7. (Graduate Students Only) Ethical issues in data mining: Explore the impact that data mining
could have on privacy and the laws surrounding the privacy of personal data (4-5 pages,
8. Lessons learned and future work: Discuss what you have learned through the project and what
concepts and techniques you learned in class are used in the project; Discuss potential
extensions and future work.
9. References, if any.
1. The writing quality of the report, such as the completeness of the contents with regard to
the above requirements, and the coherence and correctness of the writing.
2. The effort made in data exploration and preprocessing
3. Data mining skills and strategies
4. Comprehensiveness of data analysis results and explanations. Business background related
and in-depth discussions are encouraged.
5. Completeness and timeliness of the report
Issues You Should Tackle During Project Accomplishment:
1. How to conduct data exploration and preprocessing
2. How to select right variables for the models
3. How to combine different data mining skills for the project, such as applying the stepwise
regression for neural network variable selection.
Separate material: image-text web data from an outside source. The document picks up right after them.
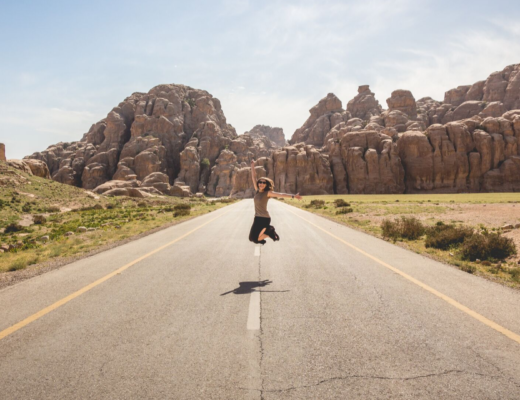 Young female adult jumping in the middle of a road with rocky mountains in the background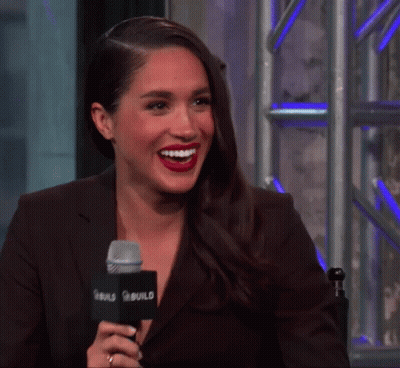 A Woman Is Smiling While Talking Into A Microphone That Says Build On It GIF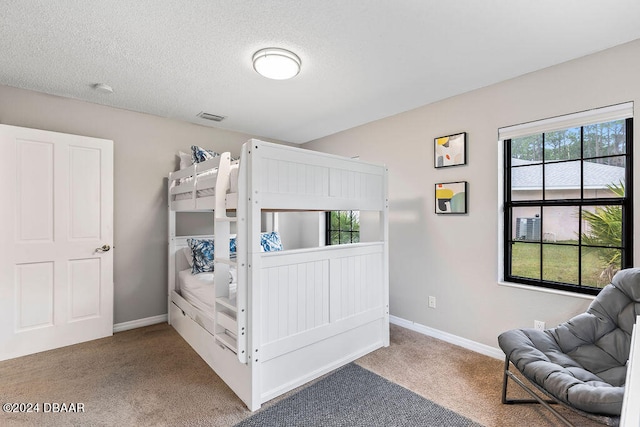 carpeted bedroom featuring multiple windows and a textured ceiling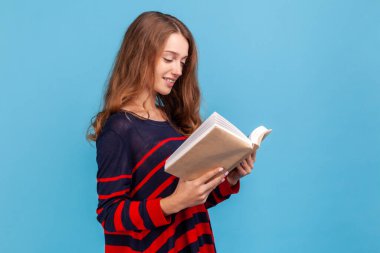 Pozitif kadının çizgili, sıradan bir süveter giymesi, okumayı sevmesi, heyecan verici bir hikayeyle ayakta durması, planlama programını kontrol etmesi. Mavi arka planda kapalı stüdyo çekimi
4. How to explain the data mining results
Appendix A – How to Import the Bank Marketing Data Set into SAS Enterprise Miner
Please go to http://archive.ics.uci.edu/ml/machine-learning-databases/00222/ and click the
“bank.zip” link to download and save the “bank.zip” zip folder on your computer. Then, please
extract the “bank.zip” zip folder into a regular folder, which contains three files: the bank.csv file,
the bank-full.csv file, and the bank-names.txt file. The bank-full.csv file will not be used for this
data mining project and can be deleted from your computer. Please open the bank-names.txt file
to read the description of the data set and develop an understanding of the objectives of this project.
After that, please follow the steps below to import the data set from the bank.csv file
into SAS Enterprise Miner for this project.
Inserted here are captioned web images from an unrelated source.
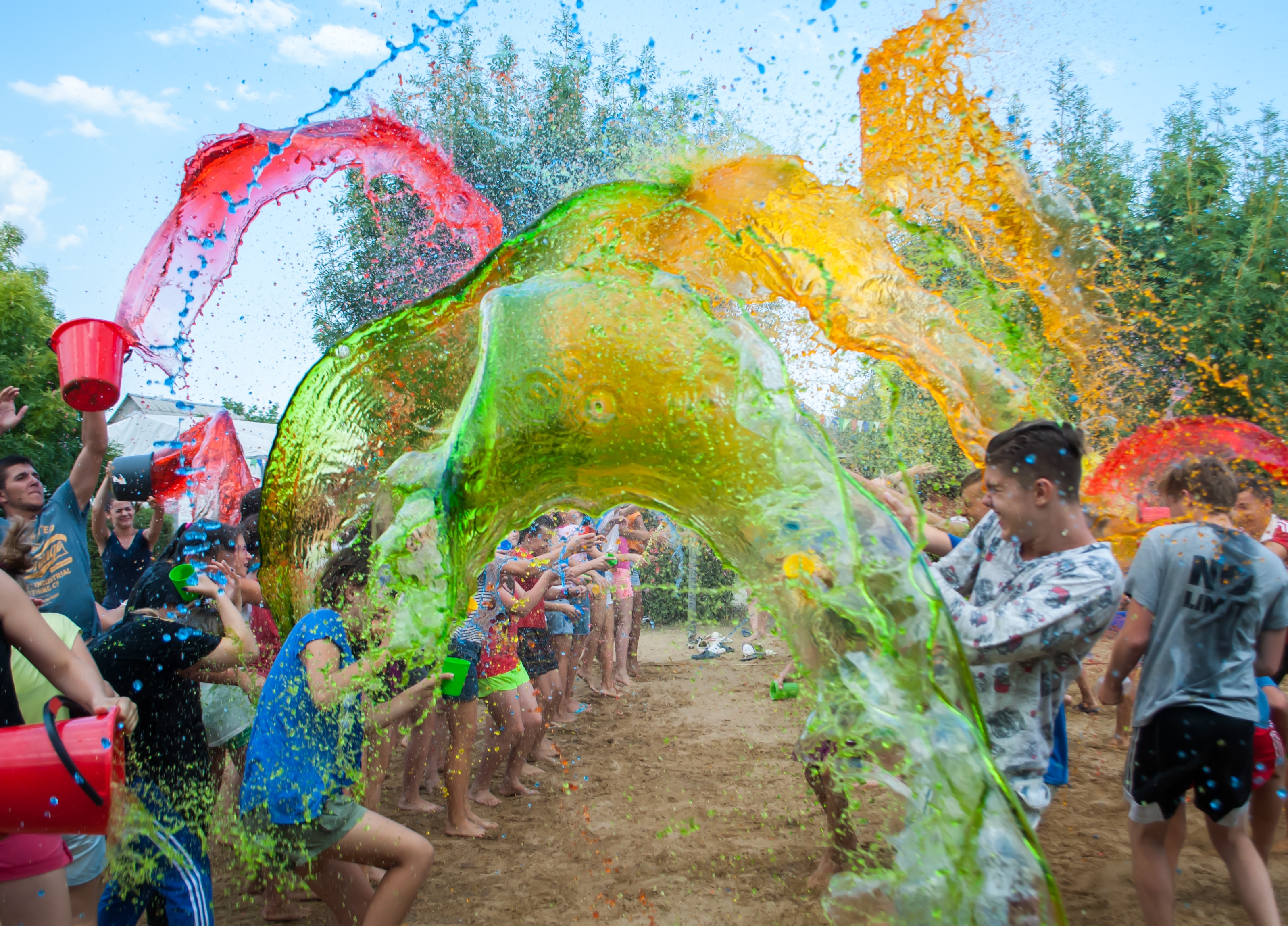 group of camp friends having a paint fight as part of one of the hottest summer jobs as a camp counselor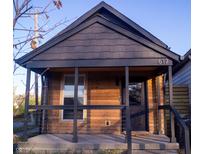 Charming craftsman style home with modern exterior finishes and a welcoming front porch at 617 Marion Ave, Indianapolis, IN 46221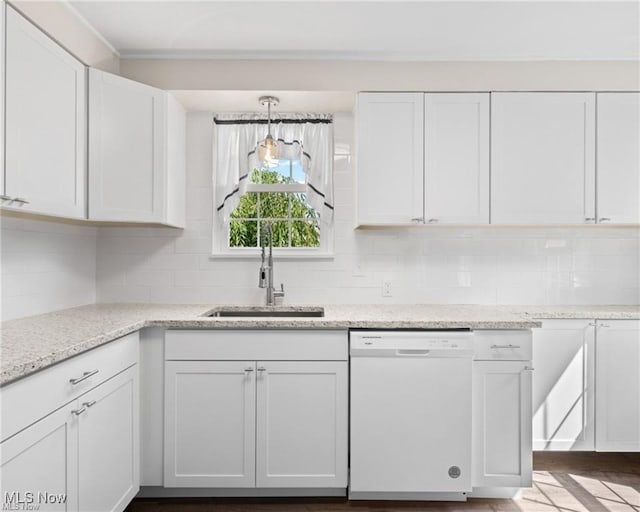 kitchen featuring decorative backsplash, light stone countertops, white cabinets, sink, and dishwasher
1. Double click the bank.csv file to open it in Excel.
2. Click letter “A” on top of the first column to select the entire column A in Excel, then
click the “Data” tab, and click “Text to Columns”.
3. Select the “Delimited” radio button, and click the “Next” button.
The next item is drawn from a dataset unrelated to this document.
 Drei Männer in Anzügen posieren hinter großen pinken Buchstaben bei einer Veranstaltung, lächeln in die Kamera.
4. Uncheck the “Tab” checkbox, check the “Semicolon” checkbox, select “ " ” as the Text
Qualifier, and click the “Next” button.
5. Select the “General” radio button, enter $A$1 as the Destination, and click the “Finish”
6. Click the “File” menu, select “Save As”, click “Browse”, navigate to the folder where
you want to save the file, select “Excel Workbook (*.xlsx)” in the “Save as type:” box,
enter a file name in the “File name:” box, and click the “Save” button.
7. Start SAS Enterprise Miner, create a new project, and then create a new diagram.
8. Click the “Sample” tab and add a “File Import” node to your new diagram.
9. Select the “File Import” node in the diagram workspace, go to the property panel, click
the button of the "Import File" property in the "Train" section.
10. Select “My Computer” and click on “Browse...”.
11. Select the excel file you want to import, click “Preview” to make sure the data set will be
properly imported into SAS Enterprise Miner, and click “OK”.
12. Right click the File Import node, and click “Run”.
13. Right click the “File Import” node in the diagram workspace and choose “Edit
Variables” to set the roles and the levels for the variables in the dataset.
14. To view the dataset after the “File Import” node is run, go to the Property panel, click the
button of the “Exported Data” property, select the “Train” data set, and click the
“Browse” button to view the data.
15. To explore the distribution(s) of particular variable(s) in the data set, right click the “File
Import” node, select “Edit Variables”, select the variable(s) you want to explore, click
the “Explore” button, and you will be able to view the variable histogram(s).
16. After you make sure the data set has been properly imported, you can proceed with data
analysis by using the “File Import” node as the Data Source node.